Habitat Management and Monitoring Plans (HMMPs)
Overview
A Habitat Management and Monitoring Plan (HMMP) is the document that turns a BNG promise into a 30-year commitment. Creating or enhancing habitat is easy to draw on a plan; keeping it alive, in the right condition, for three decades is the hard part — and the HMMP is how that is specified, secured, and checked.
Why it matters for BNG
BNG's headline is a 10% gain held for at least 30 years. Without a management and monitoring mechanism, the "30 years" is just a number. The HMMP is what makes the temporal commitment real:
- It defines what condition the habitat must reach and by when (habitat creation and enhancement take years — the metric's temporal risk multiplier already discounts for this).

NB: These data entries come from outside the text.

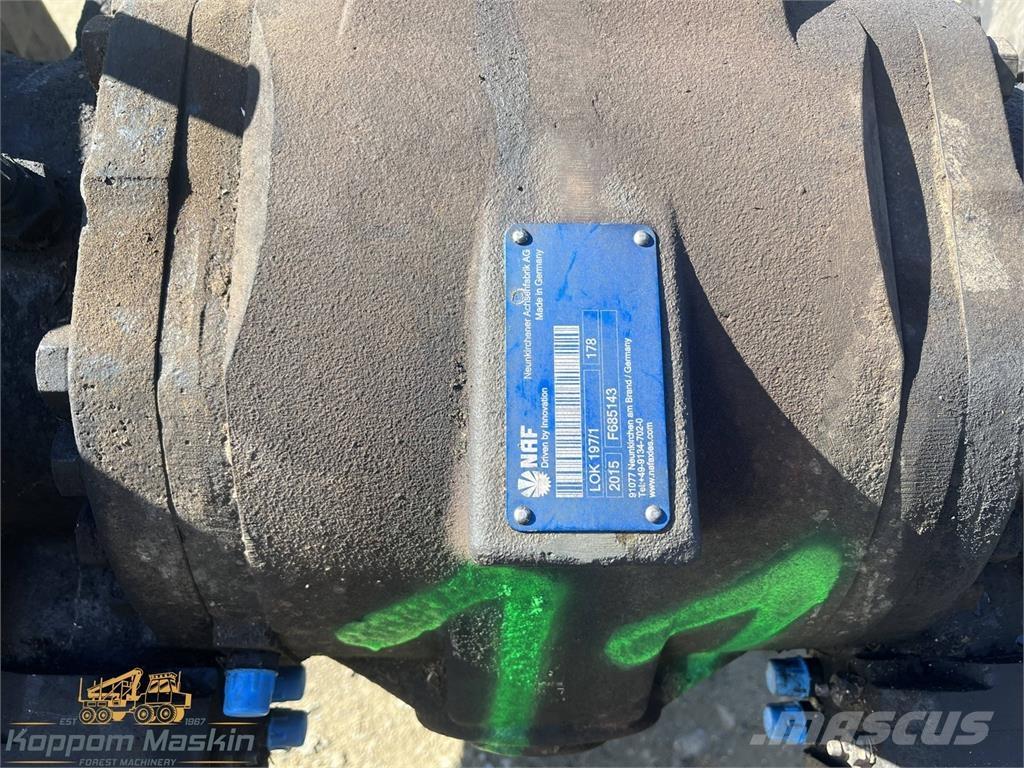 John Deere 1270E Växellåda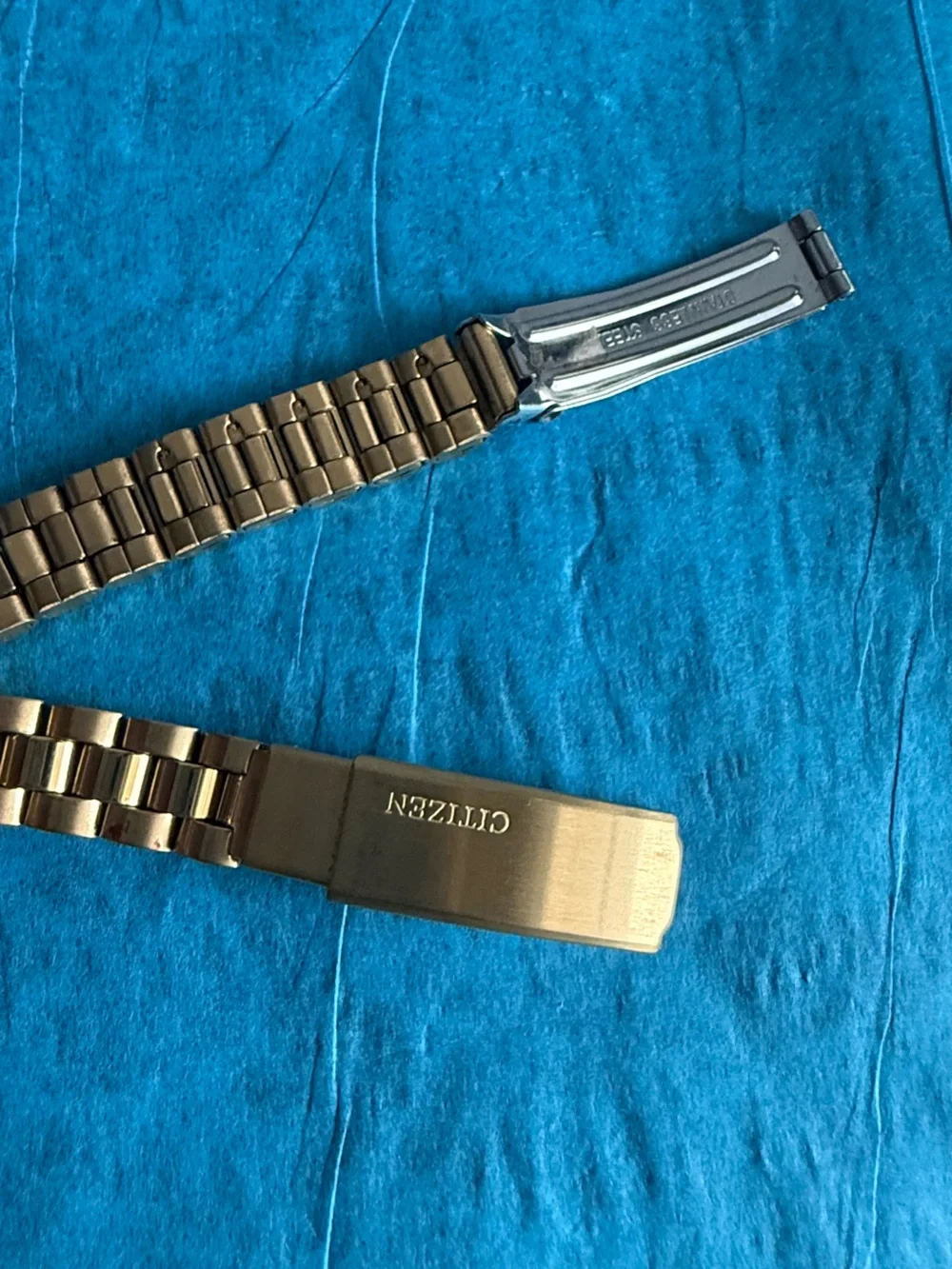 Citizen Gold Tone Watch with Day-Date Display
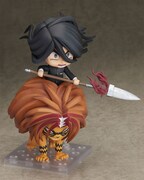 「ねんどろいど とら」には、「ねんどろいど 蒼月潮」を載せるためのオプションパーツが付属。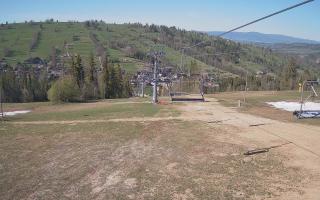 Suche-ski  widok z górnej stacji - 03-05-2026 14:20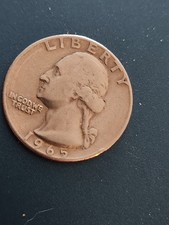 Rara moneta USA da quarto di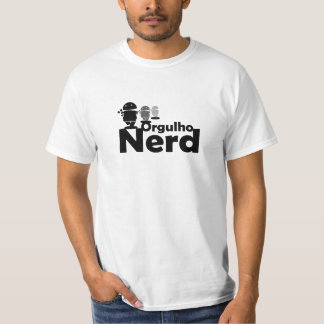 T-shirt Orgueil Nerd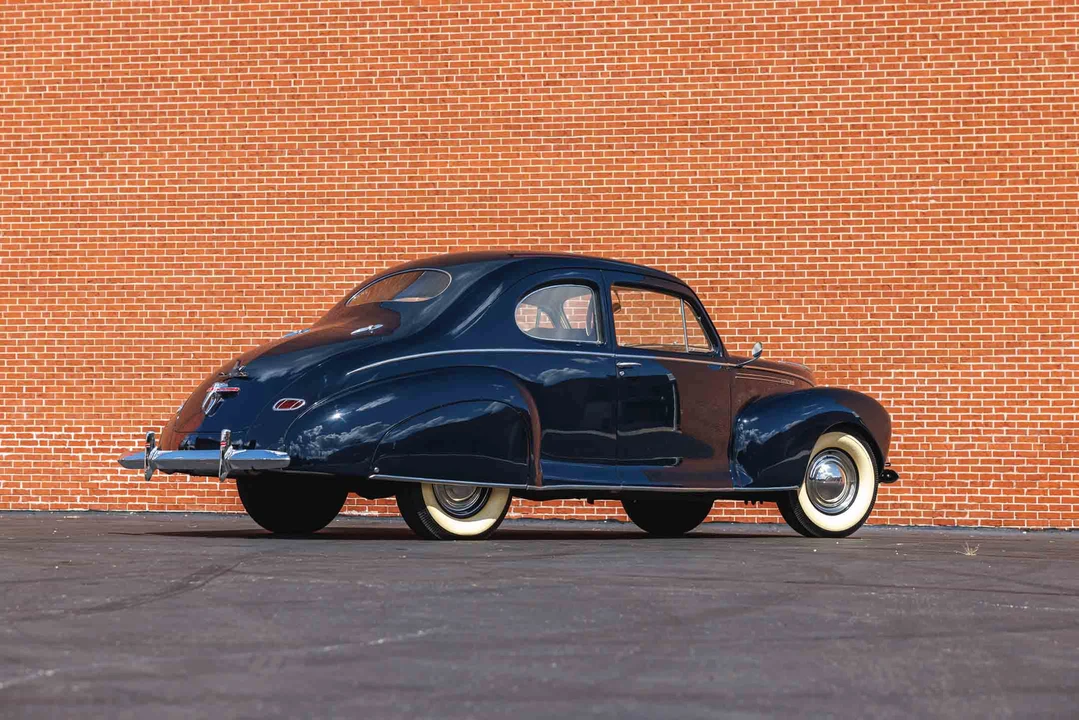 1940 Lincoln Zephyr - Image 9 of 31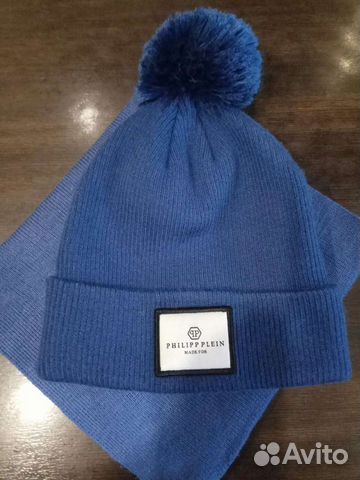 Комплект шапка и шарф для мальчика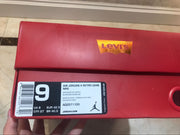 Jordan 4 Retro Levi's White Sneakers AQ2571-100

- It sets the management actions required to get there and stay there.
- It establishes monitoring and reporting so slippage is caught and remedied.
- It is the backbone of enforcement — tied to planning conditions/obligations (for on-site) or the legal agreement (for off-site).
How it works — England
- Baseline and target. State the starting habitats and the target habitats/ conditions the metric relies on.
- Management prescriptions. Set out the practical works — cutting regimes, grazing, planting, invasive control — needed to reach and hold target condition.
- Monitoring schedule. Define surveys and reporting over the 30-year period, with remedial triggers if condition falls short.
- Securing. Bind the plan through planning conditions / s.106 (on-site) or a conservation covenant / agreement and the Biodiversity Gain Sites Register (off-site).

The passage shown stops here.